Consider another aspect of the problem in warfare of movement. We are all taught how to set up a command post and establish communications. But that has been found not to be the real difficulty. The troublesome question is, when to make a complete set-up, when to lay all our wires. A premature set-up kills the momentum of the movement and expends valuable wire. Yet how do we maintain control without the complete set-up; to what degree do we first establish a command post?

Consider the matter of direction and boundaries. Without a detailed map, a graphic solution is not often possible. How then, will you manage this? Can you think of a substitute for coordinates, named ridges, hills, and rivers, that all can see on the detailed maps?

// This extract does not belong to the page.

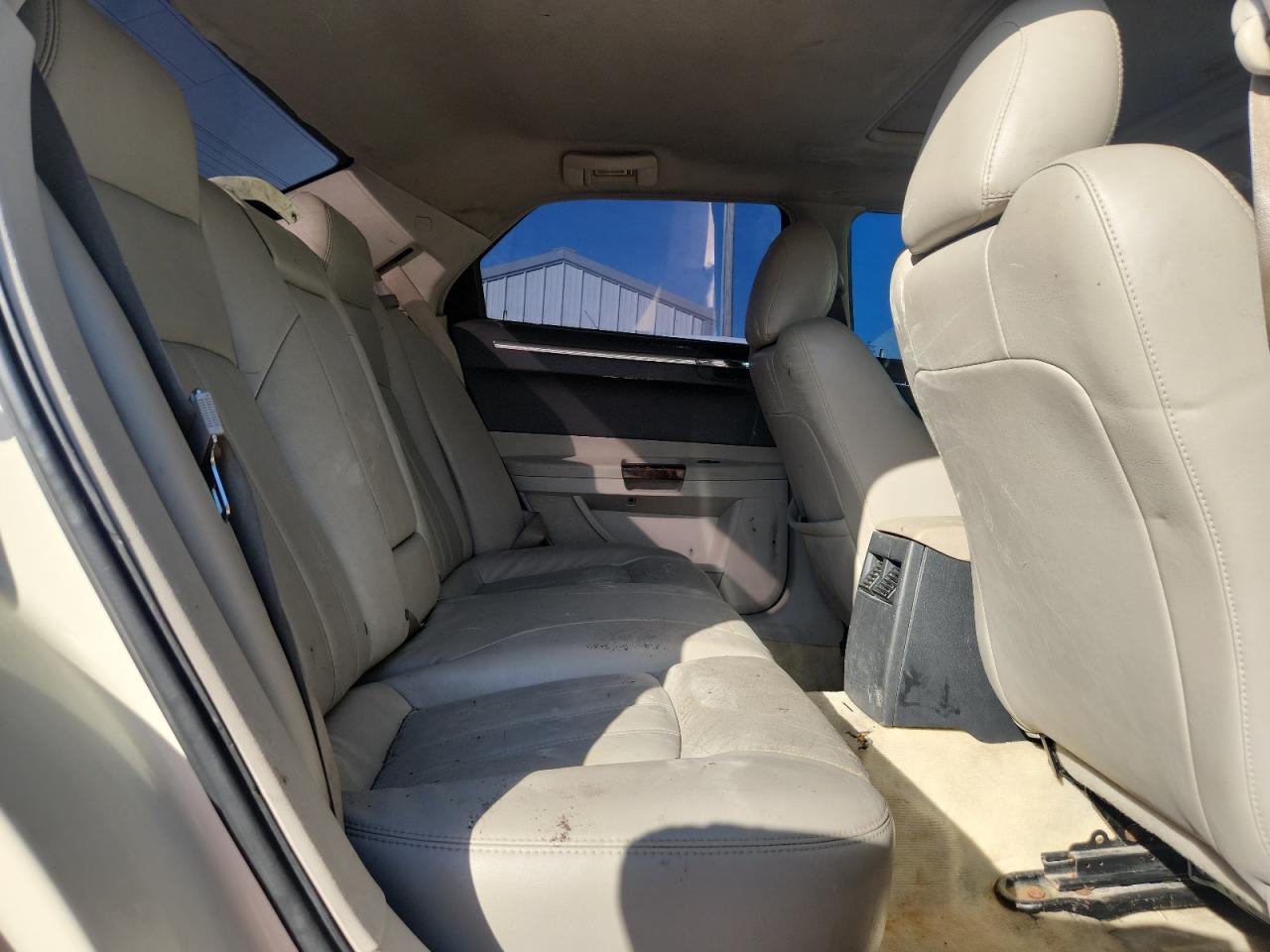 2005 CHRYSLER 300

Let us consider the opening phases of a fight, advance guard or leading detachments driving in the enemy’s covering detachments in order to develop the main line of resistance, and something of the hostile dispositions. Machine guns and automatic rifles are much more deadly weapons today than in 1918. We have improved tremendously in our technique for handling them. How quickly then do you think small covering forces could be driven in? How much fighting and time would be required to make certain you were merely opposed by a small group with a few automatic weapons? To what extent would these small actions cause premature deployments, loss of time and loss of direction?

Go further into the fighting, and a very serious problem arises, for which we have not yet found a satisfactory solution. The machine gun opposing you is seldom in your front. It is usually one or two thousand yards off to your flank, completely concealed from view to its front, and well concealed from your view. How will you meet this dilemma? Even after you locate the gun, how will you be able to designate its position for effective artillery fire or trench mortar treatment?

Naturally, the enemy will do all in his power to disguise the layout of his front, and to disarrange the direction of advance of your several units. How will you offset this difficulty?

In all these matters there is one phase of the question that we find exceedingly difficult to treat in theoretical instruction and that is this—when to make decisions, rather than what decision to make. Your tactical problems of necessity are usually confined to a requirement calling for your decision and order. This is not the real difficulty, that is the question of when to make a decision. The situation changes constantly. Do you constantly change or alter your decision? Of course not, but when does the moment arrive when you should decide on a new course of action?

Summing up these various difficulties, it is apparent that the tactics of future periods of warfare of movement, demand a knowledge of how to operate by means of brief, concise oral orders, based on the ground you can see or on maps with very little detail. They require a knowledge of how to maintain control and direction of units necessarily much dispersed. They compel action when very, very little is yet known of the enemy’s dispositions. They involve the necessity for very perfect teamwork between the Infantry on the one side and the artillery, aviators and various commanders on the other. They necessitate a high degree of cleverness in locating enemy machine guns and designating their positions for the effective fire of distant units. They compel a constant tactical readiness in security arrangements as well as in battle tactics, in preparation for the sudden appearance of tanks or other mechanized units in front, flank, or rear.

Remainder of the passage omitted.